» Work to complete: If pictures appear in the lines below, skip them and copy exactly the lines from the one containing "Good afternoon everyone." through the one containing "If there is", and nothing else.

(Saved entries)
******

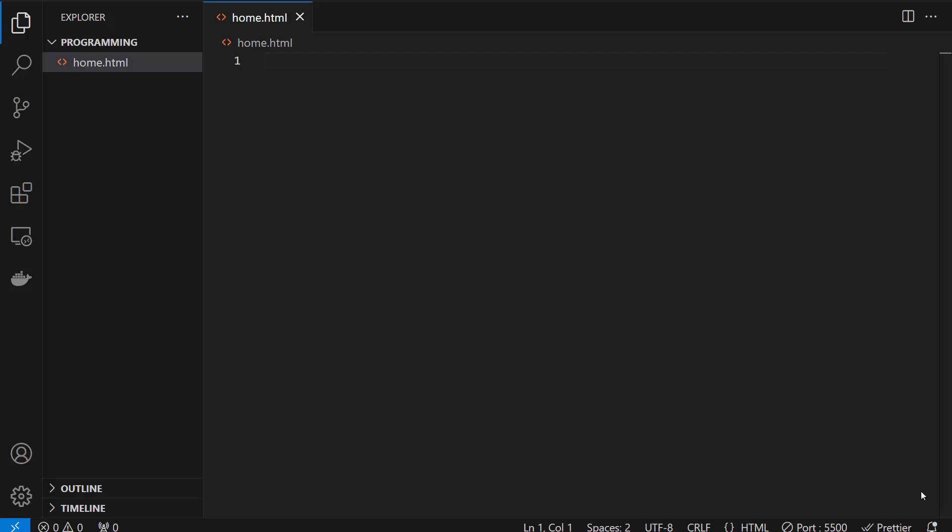Hello guys, today I'll be showing you how to install Bootstrap in Visual Studio Code.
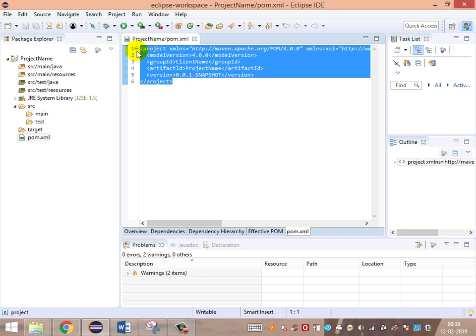We'll be looking at the POM.xml file in more detail in the next session. Thank you guys, thanks for watching.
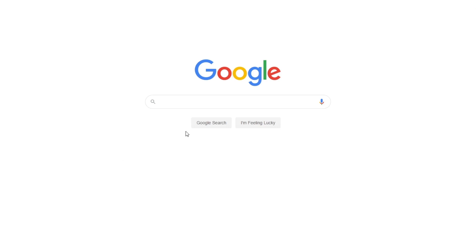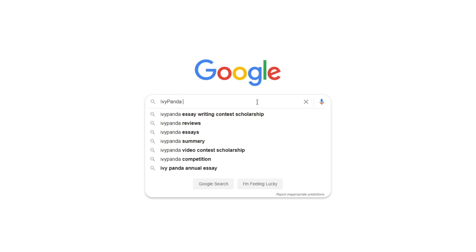This essay example, as well as thousands of others, is available in text format on our website for free and without registration. Simply Google Ivy Panda Free Essays.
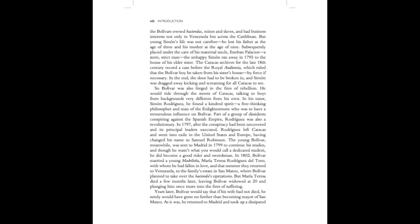In 1797, after the conspiracy had been uncovered and its principal leaders executed, Rodriguez left Caracas and went into exile in the United States and Europe, having changed his name to Samuel Robinson. The young Bolivar, meanwhile, was sent to Madrid in 1799 to continue his studies. And though he wasn't what you would call a dedicated student, he did become a good rider and swordsman.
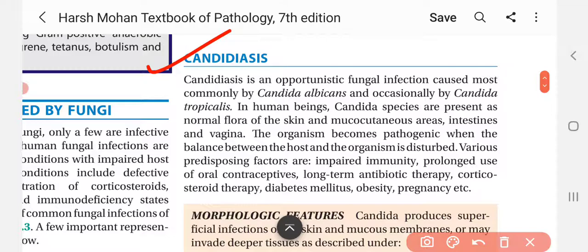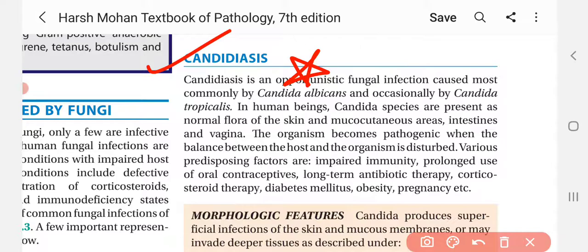Candidiasis is very important and frequently appears in university and competitive exams. If you have any suggestions for my videos, please comment in the comment section — I will love to implement them. Thank you so much.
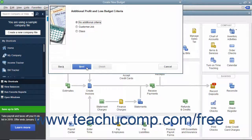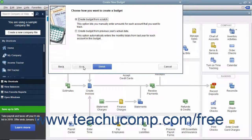If you selected a balance sheet budget, then click Finish to begin entering budget data. If you chose profit and loss, you can specify the additional criteria of segmenting it by either Customer Job or Class, if class tracking has been enabled. You can then click the Next button again to choose whether to create the budget from scratch or create the budget from the previous year's actual data by selecting the desired option button.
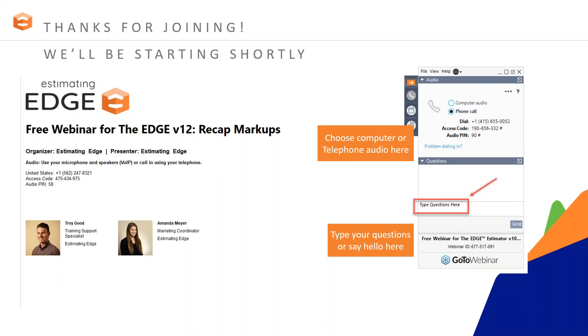Good afternoon everyone. Welcome and thank you for joining today. My name is Amanda Meyer and I'm the marketing coordinator here at Estimating Edge. Today Troy Good, who is our training and technical support, will cover recap markups.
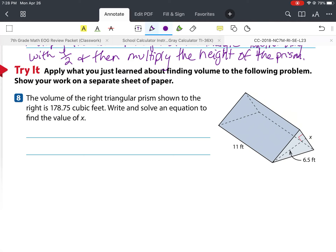Number seven: how can you find the volume of any triangular prism? We can multiply the base and height of the triangle together along with one half, and then multiply by the height of the prism.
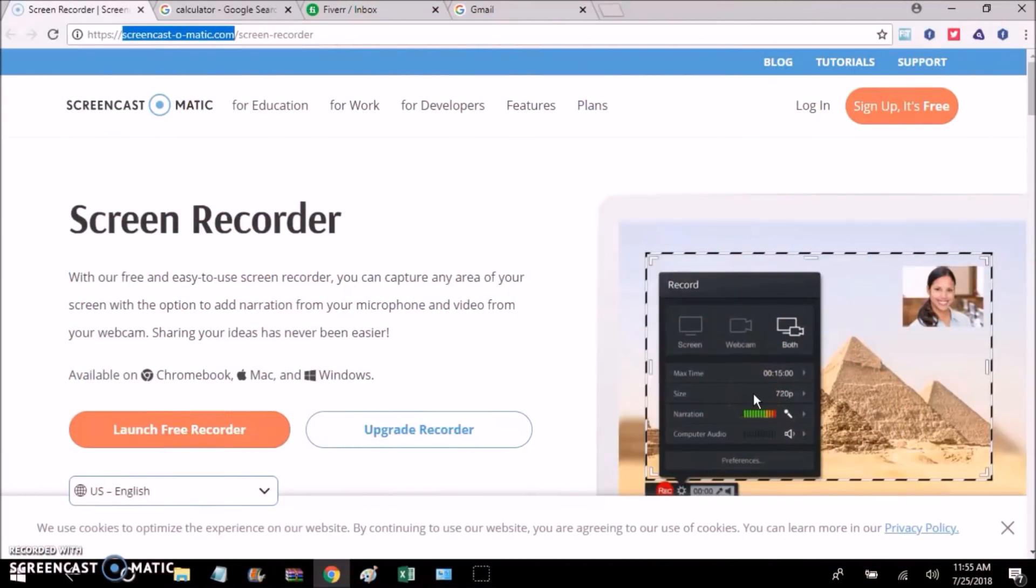Okay, so today I want to talk about a really great service that allows you to record your on-screen activity for free.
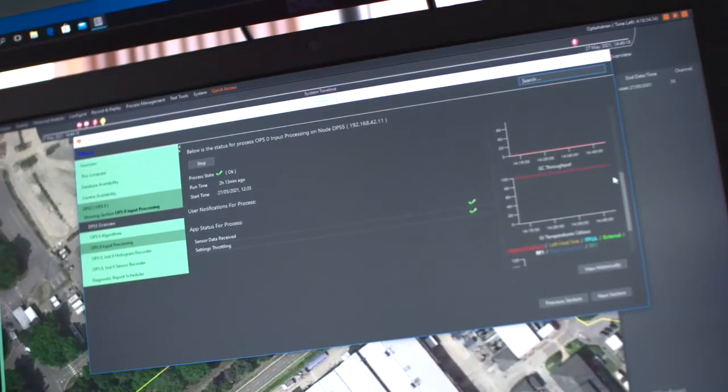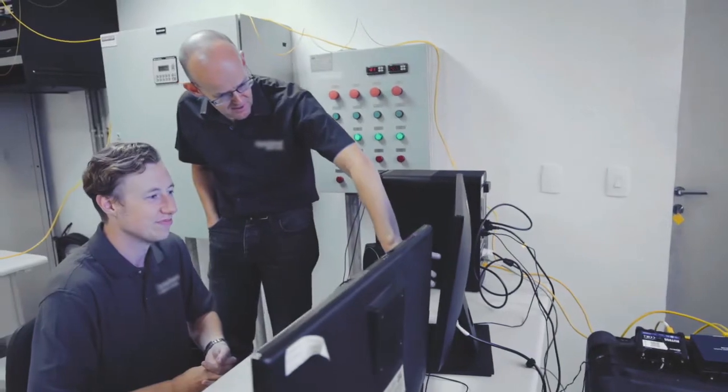If there is a problem with the software, they can very quickly go in and run a diagnostics on the software to see where the problem lies. Incorporated within the software is the ability to generate a ticket. A ticket will contain all the information that we would need to support them offline or remotely to solve any existing problems that they have.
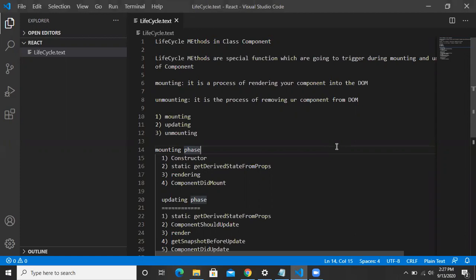So what are lifecycle methods? Lifecycle methods are special functions given by React.js, and these functions are going to trigger during mounting and unmounting of your component. Whenever your component is going to render in your DOM, some special functions are going to execute before mounting and after mounting as well.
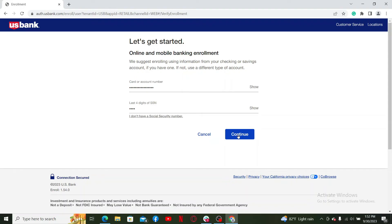After filling in your credentials, click the Continue button. On the next page, go ahead and create a username and password, verify everything that needs to be verified along the way, and then you should be able to enroll into your US Bank mobile banking or internet banking account.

******

» Solution to this task:
Good afternoon everyone. Welcome and thank you for joining today. My name is Amanda Meyer and I'm the marketing coordinator here at Estimating Edge. Today Troy Good, who is our training and technical support, will cover recap markups.
Number seven: how can you find the volume of any triangular prism? We can multiply the base and height of the triangle together along with one half, and then multiply by the height of the prism.
Okay, so today I want to talk about a really great service that allows you to record your on-screen activity for free.
If there is a problem with the software, they can very quickly go in and run a diagnostics on the software to see where the problem lies. Incorporated within the software is the ability to generate a ticket. A ticket will contain all the information that we would need to support them offline or remotely to solve any existing problems that they have.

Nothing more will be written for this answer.